LOAs enable next-generation metro networks
Linear optical amplifiers decrease cost and enable the use of unity gain segments.
DR. SOL P. DIJAILI, DR. JEFFREY D. WALKER, and JOHN M. WACHSMAN, Genoa Corp.
The optical network is working its way from the backbone through the metropolitan areas on an inexorable march to the customer premises, where in the not-too-distant future, a fiber may supply each home and office. However, the closer one gets-in the network sense-to the millions of end users, the less cost can be sustained at any node in the network. The profoundly differing economics between the long-haul markets and metropolitan ones demand at least an order of magnitude of price/performance improvement in metro optical components and ultimately much more.
Such dramatic improvements are routine for purely electronic network products, which have benefited from decades of chip-based integration of the active components, in particular the gates and amplifiers. By contrast, however, the optical network has not yielded to chip-based integration in one vital area-that of the optical amplifier. Today, the optical amplifier-particularly the erbium-doped fiber amplifier (EDFA) that revolutionized communications-is a complex optoelectronic subassembly with many fiber splices, tens of meters of erbium-doped fiber, WDM couplers, and up to six individually packaged pump lasers. For typical applications, this combination of components costs from $10,000 to $30,000. The optical amplifier accounts for an amazing 38% of the equipment cost in the long-haul optical network.

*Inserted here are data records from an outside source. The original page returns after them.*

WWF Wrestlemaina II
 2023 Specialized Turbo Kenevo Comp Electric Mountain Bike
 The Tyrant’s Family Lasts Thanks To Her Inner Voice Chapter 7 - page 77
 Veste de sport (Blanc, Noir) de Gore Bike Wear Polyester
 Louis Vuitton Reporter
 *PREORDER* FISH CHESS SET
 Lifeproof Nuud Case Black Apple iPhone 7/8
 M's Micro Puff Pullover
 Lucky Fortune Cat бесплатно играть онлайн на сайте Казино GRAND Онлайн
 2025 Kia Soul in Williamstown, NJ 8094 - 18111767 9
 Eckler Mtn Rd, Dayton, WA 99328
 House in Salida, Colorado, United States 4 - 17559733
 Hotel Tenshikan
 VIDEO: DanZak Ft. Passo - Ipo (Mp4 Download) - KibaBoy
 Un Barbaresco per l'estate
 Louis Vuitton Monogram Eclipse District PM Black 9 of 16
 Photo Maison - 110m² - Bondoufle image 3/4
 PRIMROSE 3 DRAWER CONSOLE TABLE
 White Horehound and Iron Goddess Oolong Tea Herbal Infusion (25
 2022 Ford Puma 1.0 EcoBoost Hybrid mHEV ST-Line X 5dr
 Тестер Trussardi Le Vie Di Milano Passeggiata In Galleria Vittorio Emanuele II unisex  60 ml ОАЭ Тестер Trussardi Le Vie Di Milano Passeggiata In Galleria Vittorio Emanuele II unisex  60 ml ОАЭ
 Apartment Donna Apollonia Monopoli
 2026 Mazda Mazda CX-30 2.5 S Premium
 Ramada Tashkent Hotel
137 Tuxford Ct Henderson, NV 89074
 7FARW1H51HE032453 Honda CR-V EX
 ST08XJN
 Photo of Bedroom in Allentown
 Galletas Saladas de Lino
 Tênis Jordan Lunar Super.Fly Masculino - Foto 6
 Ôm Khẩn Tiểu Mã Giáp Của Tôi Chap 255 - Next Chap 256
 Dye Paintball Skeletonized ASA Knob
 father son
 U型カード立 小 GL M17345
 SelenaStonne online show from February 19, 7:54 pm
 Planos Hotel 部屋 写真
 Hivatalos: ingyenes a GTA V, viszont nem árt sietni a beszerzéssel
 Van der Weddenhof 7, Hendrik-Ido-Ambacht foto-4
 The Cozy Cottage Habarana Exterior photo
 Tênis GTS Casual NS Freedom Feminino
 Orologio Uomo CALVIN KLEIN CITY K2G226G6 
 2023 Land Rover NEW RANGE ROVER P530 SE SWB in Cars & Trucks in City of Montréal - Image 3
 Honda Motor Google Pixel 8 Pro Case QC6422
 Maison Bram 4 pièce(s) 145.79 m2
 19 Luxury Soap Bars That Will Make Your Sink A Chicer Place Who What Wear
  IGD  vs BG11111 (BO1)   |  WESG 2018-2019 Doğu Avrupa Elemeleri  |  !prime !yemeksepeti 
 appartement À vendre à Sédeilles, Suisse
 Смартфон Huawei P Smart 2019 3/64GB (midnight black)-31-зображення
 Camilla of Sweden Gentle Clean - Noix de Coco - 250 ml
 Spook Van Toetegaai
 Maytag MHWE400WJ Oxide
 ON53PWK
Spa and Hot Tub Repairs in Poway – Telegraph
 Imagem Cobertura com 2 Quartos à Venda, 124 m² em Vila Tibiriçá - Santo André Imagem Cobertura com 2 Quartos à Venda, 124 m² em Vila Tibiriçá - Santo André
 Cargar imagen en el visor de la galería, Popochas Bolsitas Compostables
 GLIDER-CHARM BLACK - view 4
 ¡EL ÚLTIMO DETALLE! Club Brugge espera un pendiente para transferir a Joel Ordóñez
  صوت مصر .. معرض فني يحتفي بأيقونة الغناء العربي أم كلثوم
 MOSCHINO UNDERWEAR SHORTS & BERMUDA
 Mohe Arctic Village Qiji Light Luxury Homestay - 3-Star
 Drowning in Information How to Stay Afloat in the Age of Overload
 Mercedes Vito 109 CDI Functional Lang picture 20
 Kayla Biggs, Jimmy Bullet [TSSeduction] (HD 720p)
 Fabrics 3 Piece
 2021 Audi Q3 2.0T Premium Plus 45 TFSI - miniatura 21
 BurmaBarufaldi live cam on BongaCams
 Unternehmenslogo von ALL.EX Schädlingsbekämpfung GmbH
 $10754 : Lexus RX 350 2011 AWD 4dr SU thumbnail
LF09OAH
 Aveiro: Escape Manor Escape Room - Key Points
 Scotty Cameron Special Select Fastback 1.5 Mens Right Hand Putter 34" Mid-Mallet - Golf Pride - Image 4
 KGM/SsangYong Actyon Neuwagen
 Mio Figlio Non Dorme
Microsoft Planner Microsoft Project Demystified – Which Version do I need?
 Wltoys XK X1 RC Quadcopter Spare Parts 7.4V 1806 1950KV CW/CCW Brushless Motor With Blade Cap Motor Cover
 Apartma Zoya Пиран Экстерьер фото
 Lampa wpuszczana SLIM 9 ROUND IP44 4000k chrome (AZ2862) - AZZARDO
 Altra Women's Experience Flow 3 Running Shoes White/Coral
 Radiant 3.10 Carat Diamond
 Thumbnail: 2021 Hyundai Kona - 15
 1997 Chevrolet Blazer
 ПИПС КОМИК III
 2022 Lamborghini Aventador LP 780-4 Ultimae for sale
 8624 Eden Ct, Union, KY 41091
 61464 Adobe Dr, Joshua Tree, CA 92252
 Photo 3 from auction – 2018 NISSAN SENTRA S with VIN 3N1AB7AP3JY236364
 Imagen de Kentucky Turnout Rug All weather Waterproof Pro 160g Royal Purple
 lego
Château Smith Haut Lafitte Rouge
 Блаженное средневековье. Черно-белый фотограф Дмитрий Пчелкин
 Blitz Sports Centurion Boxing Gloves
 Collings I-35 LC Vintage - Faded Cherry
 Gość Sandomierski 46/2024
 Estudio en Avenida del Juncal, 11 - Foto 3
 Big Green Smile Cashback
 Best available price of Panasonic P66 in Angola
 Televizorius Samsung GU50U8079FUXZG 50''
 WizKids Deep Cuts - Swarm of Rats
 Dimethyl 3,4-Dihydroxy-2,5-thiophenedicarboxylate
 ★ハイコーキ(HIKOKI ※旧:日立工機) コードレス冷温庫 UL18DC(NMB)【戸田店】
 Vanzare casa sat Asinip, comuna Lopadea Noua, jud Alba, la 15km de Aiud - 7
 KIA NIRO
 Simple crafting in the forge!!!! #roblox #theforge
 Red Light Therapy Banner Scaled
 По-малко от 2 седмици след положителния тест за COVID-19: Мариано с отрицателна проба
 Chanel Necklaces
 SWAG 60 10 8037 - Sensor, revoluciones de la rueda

Such costs slow deployment of metro optical networks because service providers cannot realize the functionality they need at a price they can afford. Although many of the optical components intended for metro networks are fundamentally scaled-down versions of their long-haul counterparts, the amplifier itself doesn't scale.
And yet amplification is as vital for metro networks as it is for the long haul. Without amplification, the fact that signals weaken will limit the integration of switching, power balancing, processing, and transport. The obvious solution, of course, is to achieve optical amplification with chips-to open the floodgates to further integration. But acceptable chip-based amplifiers have until now defied researchers. The only examples-the so-called semiconductor optical amplifiers (SOAs)-were sidetracked into near oblivion almost a decade ago because of their "nonlinear" behavior.
Indeed, the missing link for enabling the build-out of profitable DWDM metro optical networks has been the existence of a single-chip linear optical amplifier (LOA)-that amplifies well, without crosstalk, at any data rate, and is free from switching power transients or crosstalk.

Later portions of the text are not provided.